Heitor Ferreira de Carvalho[2]

Luís Fernando Barros Costa[3]

Maria do Socorro de Almeida Carvalho[4] 

Sumário: Introdução. 1. O Crime contra o Patrimônio, modalidade Usurpação e o Crime de Extração de Recursos Minerais: Compreensão Necessária. 1.1. O Crime contra o Patrimônio, modalidade Usurpação: art. 2º, caput, da Lei nº. 8.176/91; 1.2. O Crime de Extração de Recursos Minerais: art. 55 da Lei nº. 9.605/98; 2. Concepção Doutrinária Predominante: Conflito Aparente de Normas ou Concurso Formal de Crimes? 3. Superior Tribunal de Justiça e Tribunais Regionais Federais da 1ª, 2ª e 4ª Região: qual posicionamento prevalece na jurisprudência? 4. Conclusão. Referências.


RESUMO

O presente estudo tem por finalidade compreender o Crime contra o Patrimônio, modalidade Usurpação, configurado no direito penal brasileiro como Crime contra a Ordem Econômica, bem como, demonstrar a sua relação com o Crime de Extração de Recursos Minerais, para que se entenda controvérsia existente o art. 2º, caput, da Lei nº. 8.176/91 e o Art. 55 da Lei nº. 9.605/98, uma vez que tem sido questionado se dessa relação é possível ocorrência de conflito aparente de normas ou concurso formal de crimes. Metodologicamente, utilizou-se bibliografia doutrinariamente produzida sobre essa discussão, assim como, jurisprudências do Superior Tribunal de Justiça e dos Tribunais Regionais Federais da 1ª, 2ª e 4ª Região no intuito de constatar qual o posicionamento predominante. Concluiu-se que a tese de que inexiste conflito aparente de normas prevalece, uma vez que os artigos em comento tutelam bem jurídicos distintos, ou seja, predomina a ideia de que ocorre concurso formal de crimes, pois, diante de uma só conduta cometem-se dois ou mais crimes.

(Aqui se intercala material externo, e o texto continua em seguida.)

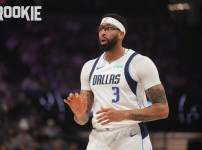 '[뉴스]‘리그 최고의 유리몸’ 앤써니 데이비스, 손 부상 정도 심각? 뉴스기사 썸네일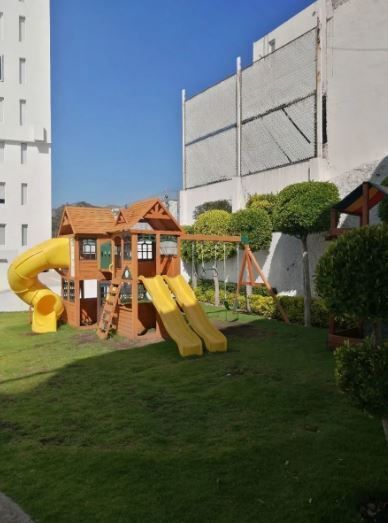 12 de 18: Amenidades:  Juegos infantiles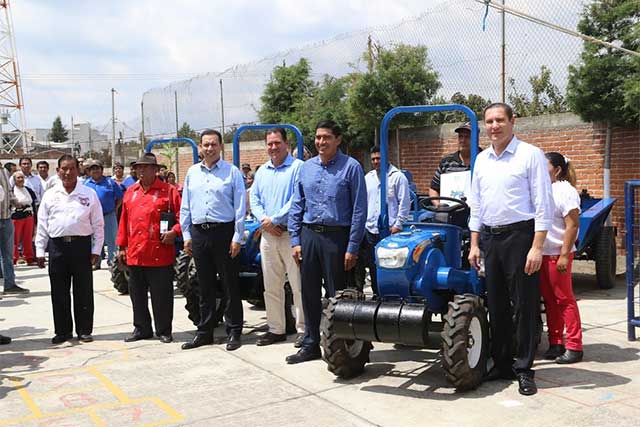 Ayuntamiento de Huejotzingo y gobierno del estado modernizan carretera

Palavras-chave: Ordem Econômica. Patrimônio, modalidade Usurpação. Concurso Formal.

INTRODUÇÃO

A Lei nº. 8.176/91, instituída no Brasil, define os Crimes cometidos contra a Ordem Econômica, além, de criar o Sistema de Estoques de Combustíveis. Em seu artigo 2º, caput, está constituído o Crime contra o Patrimônio, na modalidade Usurpação, segundo o qual deve ser penalizado o indivíduo que for responsável pela produção de bens ou exploração de matéria-prima pertencente à União, por não ter autorização legal ou por descumprir as obrigações estabelecidas no título que o autoriza a realizar as atividades acima descritas. No entanto, em 1998, foi criada a Lei nº. 9.605/98, definida como a Lei de Crimes Ambientais, que em seu artigo 55, também criminaliza a Extração de Recursos Minerais, condenando a conduta do indivíduo que for pego executando pesquisa, lavra ou extração de recursos minerais, sem a competente autorização, permissão, concessão ou licença, ou em desacordo com uma destas obtida.

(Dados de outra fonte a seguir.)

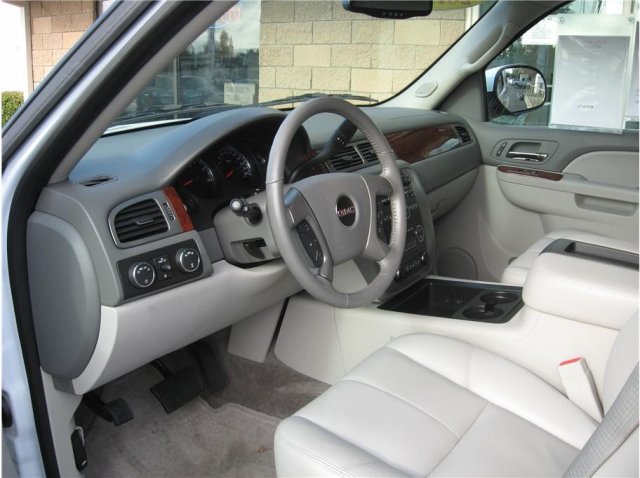 GMC Yukon XL 2012 photo 5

A situação acima disposta suscitou os seguintes questionamentos: a aplicação dos referidos artigos promove um conflito aparente de normas ou concurso formal de crimes? Qual posicionamento tem prevalecido na doutrina e na jurisprudência brasileira a esse respeito?

Para tanto, utilizando-se, metodologicamente, da abordagem dedutiva, bem como, tecnicamente, da pesquisa bibliográfica e documental, visando conseguir a maior quantidade possível do material já elaborado a respeito, além, de constatar como essa discussão vem sendo refletida pelo Superior Tribunal de Justiça e pelos Tribunais Regionais Federais da 1ª, 2ª e 4ª Região, objetiva-se: entender o Crime contra o Patrimônio, modalidade Usurpação, e o Crime de Extração de Recursos Minerais; analisar o entendimento doutrinário acerca da relação existente entre tais crimes para perceber qual a concepção predominante, ou seja, se há entre eles um conflito aparente de normas ou concurso formal de crimes; e, ainda, verificar como o Superior Tribunal de Justiça e os Tribunais Regionais Federais supramencionados tem se posicionado acerca da questão.

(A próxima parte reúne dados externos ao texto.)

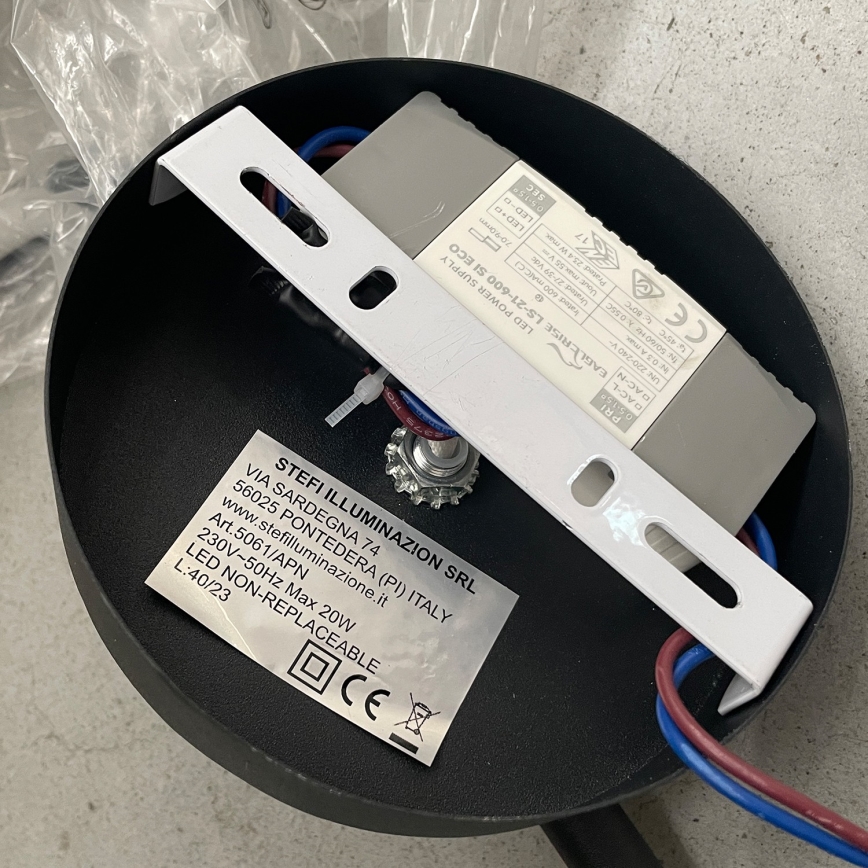 ONLI - LED Nástěnné svítidlo TWIST LED/6W/230V 4000K černá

Sendo assim, primeiramente, faz-se a compreensão sobre o Crime contra o Patrimônio, modalidade Usurpação, e o Crime de Extração de Recursos Minerais. Em seguida, caracterizam-se os institutos conflito aparente de normas e concurso formal de crimes, assim como, analisa-se como a doutrina tem se posicionado quanto à possibilidade de haver conflito aparente de normas ou concurso formal de crimes em relação aos crimes estudados. E, por fim, verifica-se qual posicionamento a esse respeito tem prevalecido no Superior Tribunal de Justiça e nos Tribunais Regionais Federais da 1ª, 2ª e 4ª Região.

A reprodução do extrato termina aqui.